Raipur/Jagdalpur: In the heart of Bastar’s once-fearful forests, where the crack of gunfire once echoed louder than birdsong, a gentle clink of coffee cups now signals a quiet revolution.
Today, Chhattisgarh Chief Minister Vishnu Deo Sai cut the ribbon on “Pandum Cafe,” a modest eatery tucked inside the Police Lines complex here – but for its staff, it’s nothing short of a second chance at life.
Fagni, a soft-spoken mother from Narayanpur, wipes down a table with a steady hand, her eyes lighting up as she recalls the day she traded the weight of an insurgent’s rucksack for an apron.
“We lived in darkness back then,” she says. Once caught in the crossfire of Naxalite violence, Fagni is among the cafe’s pioneers – survivors and surrendered militants who’ve chosen peace over powder kegs.
“Today, I serve people with a smile. It’s like being born again. Coffee instead of gunpowder… and the money I earn? It’s clean, it’s mine, and it brings real peace.”
Beside her, Pushpa Thakur from Sukma stirs a pot of aromatic filter coffee. A decade ago, dreams of a stable home for her children felt as distant as the cities she’d only heard of in whispers.
“We couldn’t even imagine giving our families dignity,” she shares, glancing at a faded photo of her kids pinned to the cafe’s bulletin board.
“Now, every rupee I earn here is a step toward their future. This place – it’s not just a job; it’s freedom.”
Chief Minister Vishnu Deo Sai wrote on his X handle about the café after inaugurating it, “Pandum Cafe: A quiet miracle rising from Bastar’s battle-scarred soil. Where gunfire once silenced dreams, the aroma of fresh coffee now drifts in the air. Today, in the heart of Jagdalpur, a new chapter begins—one written not in fear, but in hope. Here, former Naxal cadres and the families they once terrified stand shoulder to shoulder, wearing aprons instead of anger, serving smiles instead of slogans.”

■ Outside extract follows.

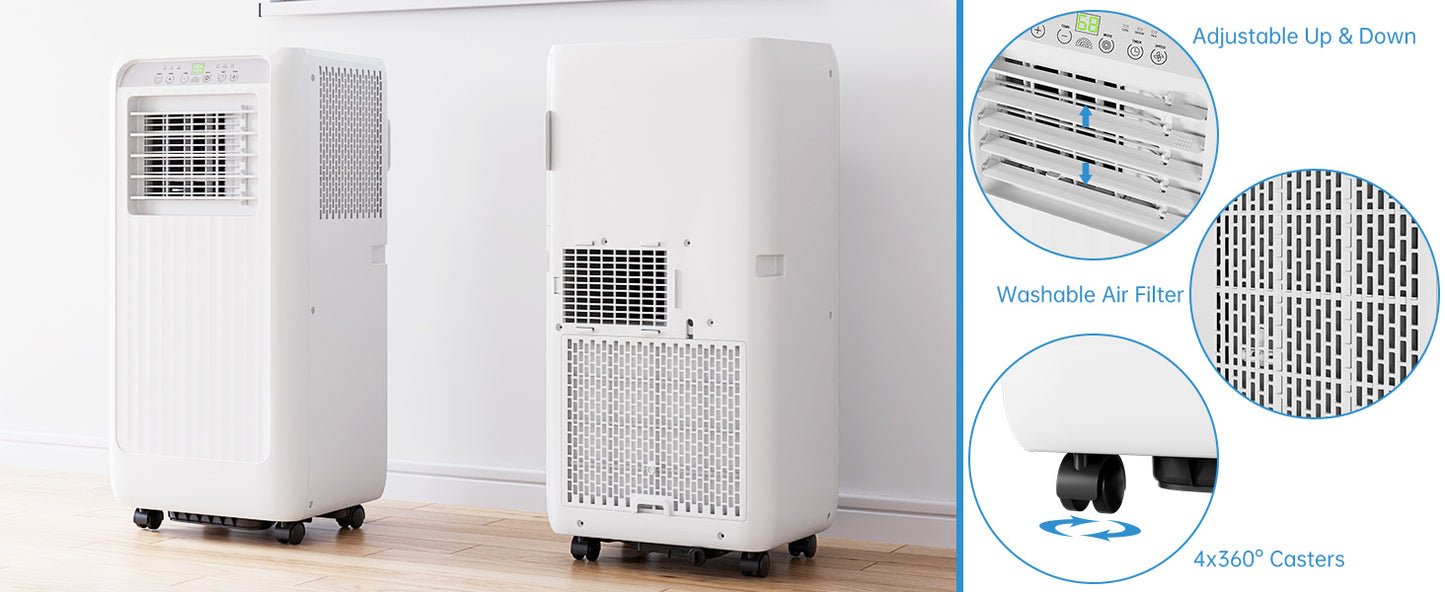 8000 Btu Portable Air Conditioners, 3-in-1 Portable AC, Dehumidifier, and Fan Mode, AC Unit with 24H Timer & Remote Control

This little cafe is proof: when resolve meets redemption, even the darkest corners of Bastar can glow with dignity, peace, and the promise of tomorrow, he said while inaugurating it.
The cafe’s name, “Pandum,” evokes the resilient spirit of Bastar’s tribal heartland, but its true magic lies in the stories behind the counter. Birendra Thakur, a burly former cadre with calluses from both rifles and making coffee, nods as he recounts his unlikely pivot.

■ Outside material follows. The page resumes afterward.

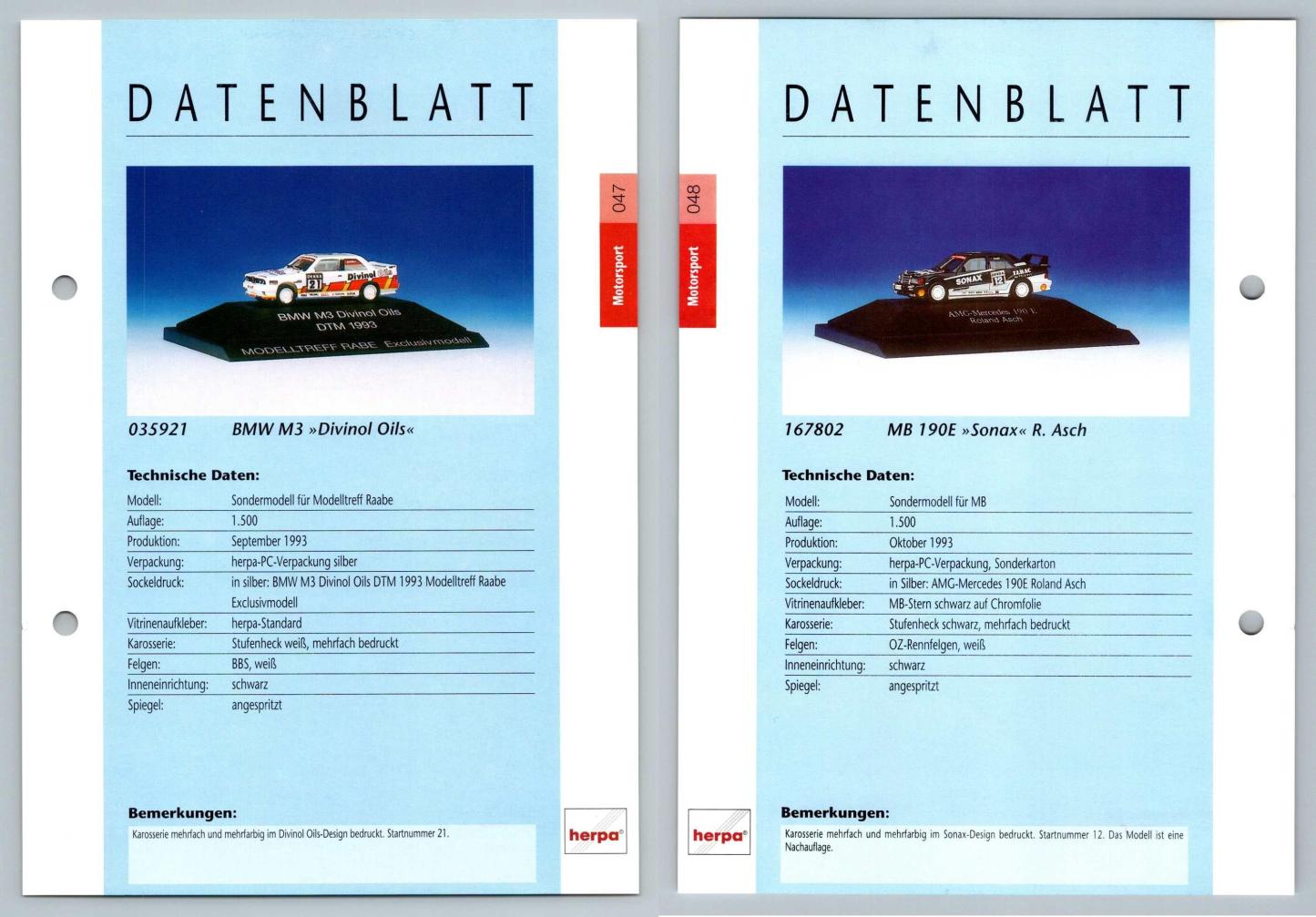 BMW M3 / MB 190E #47/48 Motorsport - Herpa Data Sheet-Breakoutcards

“I thought coming back would be impossible – the stares, the shame. But the police and administration trained us, trusted us. Hygiene classes, customer chats, and even how to dream big as entrepreneurs. And working side-by-side with victims like Ashmati here? It’s our way of saying sorry, of building bridges where walls once stood.”

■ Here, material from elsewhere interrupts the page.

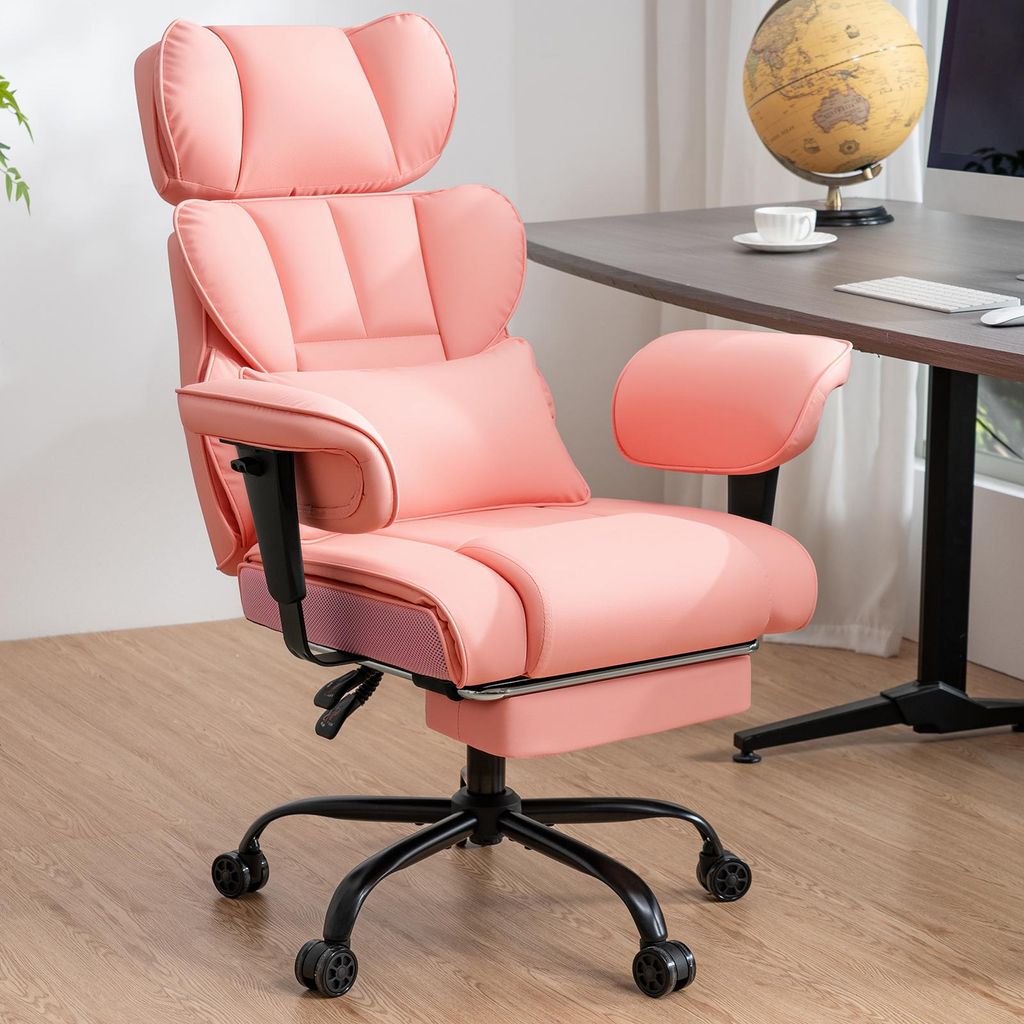 HOFFREE Ergonomischer Leder Bürostuhl, hoher XXL Drehstuhl mit Fußstütze, verstellbarer Kopf- & Armlehnen, bis 200 kg belastbar, Pink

Ashmati, from Bastar, was a victim of the very violence that scarred her community. She once viewed ex-militants with suspicion.
“It wasn’t easy at first,” she admits. “But seeing them sweat through training, hearing their regrets – it healed something in me too. We’re not enemies anymore; we’re family, flipping rotis and futures together.”
Premila Baghel, the fifth in this tight-knit crew, oversees the till with quiet pride.
“The Chief Minister sat with us today, listened like we mattered. His words weren’t just politics – they felt like permission to hope,” she said.
Chief Minister Sai, during a heartfelt chat over chai, didn’t mince words. “Pandum Cafe isn’t just bricks and beans,” he said.
“It’s a beacon – hope for the hopeless, progress in the shadows of Naxalism. These young souls, once lost to violence, are now architects of peace. With our support, Bastar is rewriting its story, one cup at a time.”
Backed by rigorous training in everything from food safety to smiling through rush hours, the cafe’s launch marks a bold government push for rehabilitation.
It’s part of a larger wave washing away Maoist strongholds, offering not pity, but purpose – sustainable jobs that heal divides and stitch communities whole.
“This isn’t survival. This is living,” Fagni said.
In Bastar, where peace was once a fragile truce, Pandum Cafe brews something stronger.